PROMPT —
Copy each line containing the word "Galaxy" from the records that follow, please.

RECORDS SHOWN —
◇ ◇ ◇ ◇ ◇ ◇ ◇

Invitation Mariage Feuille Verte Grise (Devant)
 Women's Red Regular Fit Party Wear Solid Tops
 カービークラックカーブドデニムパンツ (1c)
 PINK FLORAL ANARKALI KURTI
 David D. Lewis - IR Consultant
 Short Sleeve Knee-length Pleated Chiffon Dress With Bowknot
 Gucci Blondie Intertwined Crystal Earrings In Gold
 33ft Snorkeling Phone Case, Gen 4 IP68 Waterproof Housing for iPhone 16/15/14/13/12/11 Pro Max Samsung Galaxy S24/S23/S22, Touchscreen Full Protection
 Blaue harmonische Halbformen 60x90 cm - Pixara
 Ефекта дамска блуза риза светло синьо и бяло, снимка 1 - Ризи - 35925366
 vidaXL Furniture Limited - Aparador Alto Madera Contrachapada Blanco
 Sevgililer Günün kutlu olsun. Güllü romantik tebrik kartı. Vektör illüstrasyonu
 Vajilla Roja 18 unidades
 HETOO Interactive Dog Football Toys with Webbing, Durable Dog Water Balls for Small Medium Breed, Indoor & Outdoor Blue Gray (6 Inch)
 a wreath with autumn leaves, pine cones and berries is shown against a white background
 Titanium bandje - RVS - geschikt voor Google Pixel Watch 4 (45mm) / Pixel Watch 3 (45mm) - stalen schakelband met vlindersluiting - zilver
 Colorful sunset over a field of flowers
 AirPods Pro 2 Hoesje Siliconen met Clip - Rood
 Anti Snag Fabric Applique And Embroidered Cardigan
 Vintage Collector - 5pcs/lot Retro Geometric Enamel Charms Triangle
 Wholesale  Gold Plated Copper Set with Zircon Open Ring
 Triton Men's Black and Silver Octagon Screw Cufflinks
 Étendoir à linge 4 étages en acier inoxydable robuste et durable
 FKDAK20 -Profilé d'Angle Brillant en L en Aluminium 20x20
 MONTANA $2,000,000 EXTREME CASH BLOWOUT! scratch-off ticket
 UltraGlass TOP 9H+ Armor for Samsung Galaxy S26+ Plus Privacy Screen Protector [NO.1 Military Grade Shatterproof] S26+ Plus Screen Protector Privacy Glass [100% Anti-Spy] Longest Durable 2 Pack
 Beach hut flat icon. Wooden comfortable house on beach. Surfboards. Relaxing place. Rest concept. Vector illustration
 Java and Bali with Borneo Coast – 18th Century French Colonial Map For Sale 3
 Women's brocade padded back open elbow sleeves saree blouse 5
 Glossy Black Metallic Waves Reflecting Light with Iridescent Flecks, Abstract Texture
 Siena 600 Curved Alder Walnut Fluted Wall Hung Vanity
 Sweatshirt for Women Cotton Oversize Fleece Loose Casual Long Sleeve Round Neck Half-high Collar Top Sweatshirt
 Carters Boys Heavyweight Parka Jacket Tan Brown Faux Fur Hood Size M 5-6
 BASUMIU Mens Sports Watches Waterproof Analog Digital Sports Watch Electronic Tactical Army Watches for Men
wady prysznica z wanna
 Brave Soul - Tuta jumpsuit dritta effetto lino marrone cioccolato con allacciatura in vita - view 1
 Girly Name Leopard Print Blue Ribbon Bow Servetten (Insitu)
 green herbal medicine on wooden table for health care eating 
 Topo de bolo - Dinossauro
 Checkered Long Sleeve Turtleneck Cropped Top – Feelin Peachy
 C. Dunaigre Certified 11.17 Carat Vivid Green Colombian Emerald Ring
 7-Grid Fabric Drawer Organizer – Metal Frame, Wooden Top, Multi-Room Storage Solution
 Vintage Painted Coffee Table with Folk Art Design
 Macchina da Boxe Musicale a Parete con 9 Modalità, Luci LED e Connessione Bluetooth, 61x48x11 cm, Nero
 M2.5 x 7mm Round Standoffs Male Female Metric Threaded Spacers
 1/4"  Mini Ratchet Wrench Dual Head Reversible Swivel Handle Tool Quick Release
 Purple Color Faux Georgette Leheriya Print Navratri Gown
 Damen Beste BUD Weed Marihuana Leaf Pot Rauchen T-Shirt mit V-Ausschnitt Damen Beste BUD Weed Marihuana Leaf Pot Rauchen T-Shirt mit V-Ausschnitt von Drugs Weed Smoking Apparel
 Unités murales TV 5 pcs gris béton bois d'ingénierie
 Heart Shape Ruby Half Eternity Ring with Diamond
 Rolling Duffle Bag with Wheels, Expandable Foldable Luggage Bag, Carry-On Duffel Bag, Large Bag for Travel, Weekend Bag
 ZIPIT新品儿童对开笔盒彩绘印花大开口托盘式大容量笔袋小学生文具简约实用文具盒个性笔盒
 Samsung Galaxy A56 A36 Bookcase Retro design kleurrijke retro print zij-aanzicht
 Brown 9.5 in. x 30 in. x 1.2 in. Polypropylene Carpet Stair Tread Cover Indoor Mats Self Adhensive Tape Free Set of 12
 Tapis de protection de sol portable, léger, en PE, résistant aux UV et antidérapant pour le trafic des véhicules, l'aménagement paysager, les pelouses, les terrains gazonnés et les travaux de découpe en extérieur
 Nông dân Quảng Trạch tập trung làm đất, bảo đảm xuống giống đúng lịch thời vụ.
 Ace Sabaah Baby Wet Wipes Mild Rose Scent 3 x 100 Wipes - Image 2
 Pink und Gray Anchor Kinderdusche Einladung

◇ ◇ ◇ ◇ ◇ ◇ ◇

YOUR RESPONSE —
 33ft Snorkeling Phone Case, Gen 4 IP68 Waterproof Housing for iPhone 16/15/14/13/12/11 Pro Max Samsung Galaxy S24/S23/S22, Touchscreen Full Protection
 UltraGlass TOP 9H+ Armor for Samsung Galaxy S26+ Plus Privacy Screen Protector [NO.1 Military Grade Shatterproof] S26+ Plus Screen Protector Privacy Glass [100% Anti-Spy] Longest Durable 2 Pack
 Samsung Galaxy A56 A36 Bookcase Retro design kleurrijke retro print zij-aanzicht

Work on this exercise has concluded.